Ali Almanyadan izine gelmiş çocukluk arkadaşlarımdan; iri, boylu ve futbolu iyi biliyordu.

Ali, -Oynayalım dedi. Aridin'le oynamak güzel olacak! -Tamam size bir takım yaparız ama çok gençler almayın da maç biraz dengeli olsun...

...

Teravih'den sonra camiden çıkan insan selinde takım arkadaşlarımı arıyor, gördüklerime sesleniyordum. İmam Ahmet Hoca da oynamak istiyordu. Ben, Erdoğan, Ali, Faruk dayım, Berkan ve Ahmet Hoca'dan oluşan takımımız hazırlanmaya gittik. Saha yakındı, giyinerek gidecektik. Eve geldim orjinal Galatasaray formamı giydim altına sarı sort. Torunların spor ayakkabısını da giydim... Boy aynasına baktım... Üfff.. Formalar çok yakışmıştı. Yok!... Yok!... Daha çok gencim!

Hanımın "Bu yaştan sonra ne yapacan topu? Gel çay içelim... Yaşlandın artık... 50 yaşında topmu olur?" mırmıntıları içinde evden dışarı çıktım... Hep beraber sahaya yürümeye başladık. Kaç yıldır top oynamamıştık. Takım olarak birbirimizin haline bakıyor gülüyorduk.

Faruk dayım, beyaz sakalları 10 numaralı forması ile 59 yaşında genç golcümüz... -Goller senden dayı! Erdoğan 58 yaşında 140 kiloluk bir dev... Ahmet hoca 60 yaşında... Takım süperdi! Çok gülecektik!

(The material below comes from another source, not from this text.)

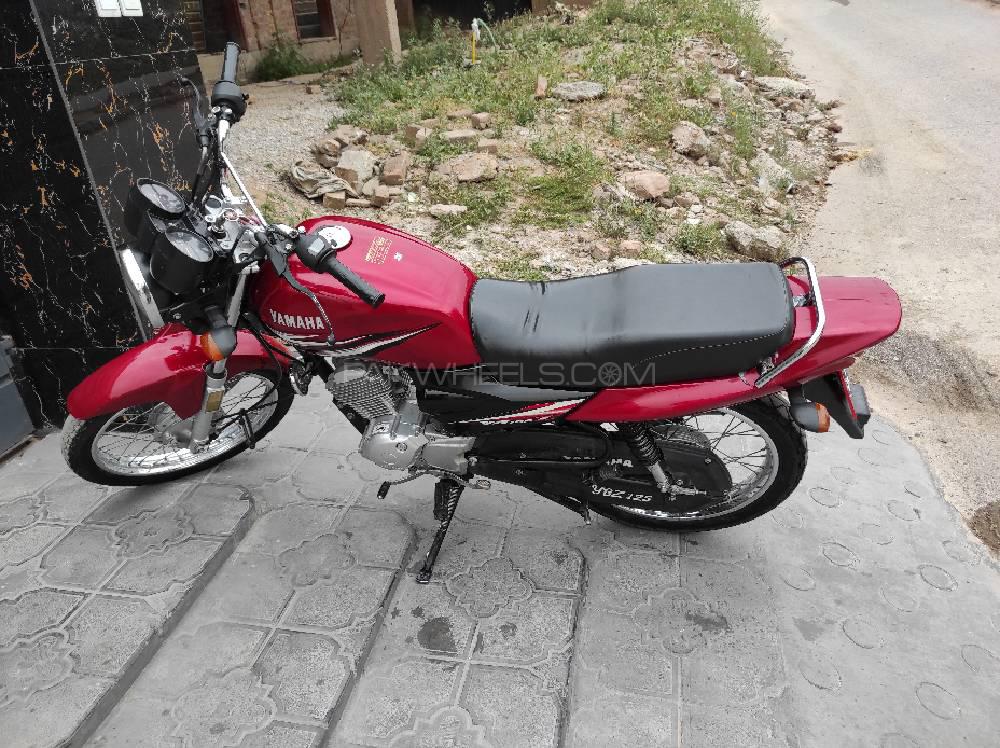 یاماہا YBR 125 2017 for Sale Image-1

Ahmet hoca camimize 5 yıl önce Havza'dan atanmıştı. Gelirken çok tedirgin olduğunu, Çingeneler hakkında bir sürü olumsuz yorumlar dinlediğini ancak bizi ve mahallemizi tanıdıkca çok sevdiğini ve beğendiğini itiraf ediyordu, yıllar sonra... Cami cemaatımız çok kalabalıktı, Ahmet hoca camimizde 2 yılı aşkın bir süre imamlık yaptıktan sonra emekli oldu . Ben bu mahalleden, bu dostlarımdan ayrılmam dedi. mahalle yanında ev satın aldı, günlerini bizlerle yaşamaya başladı . Kuran- Kerim i çok iyi okuyan, kıraatı çok güzel olan Ahmet hocamız mahallede 30 kişiye Kuran okumayı öğretmişti. Ona minnettardık ve çok seviyorduk. Şimdi yıllık izine ayrılan cami imamının yerine gönüllü imamlık yapıyordu Ramazan boyunca.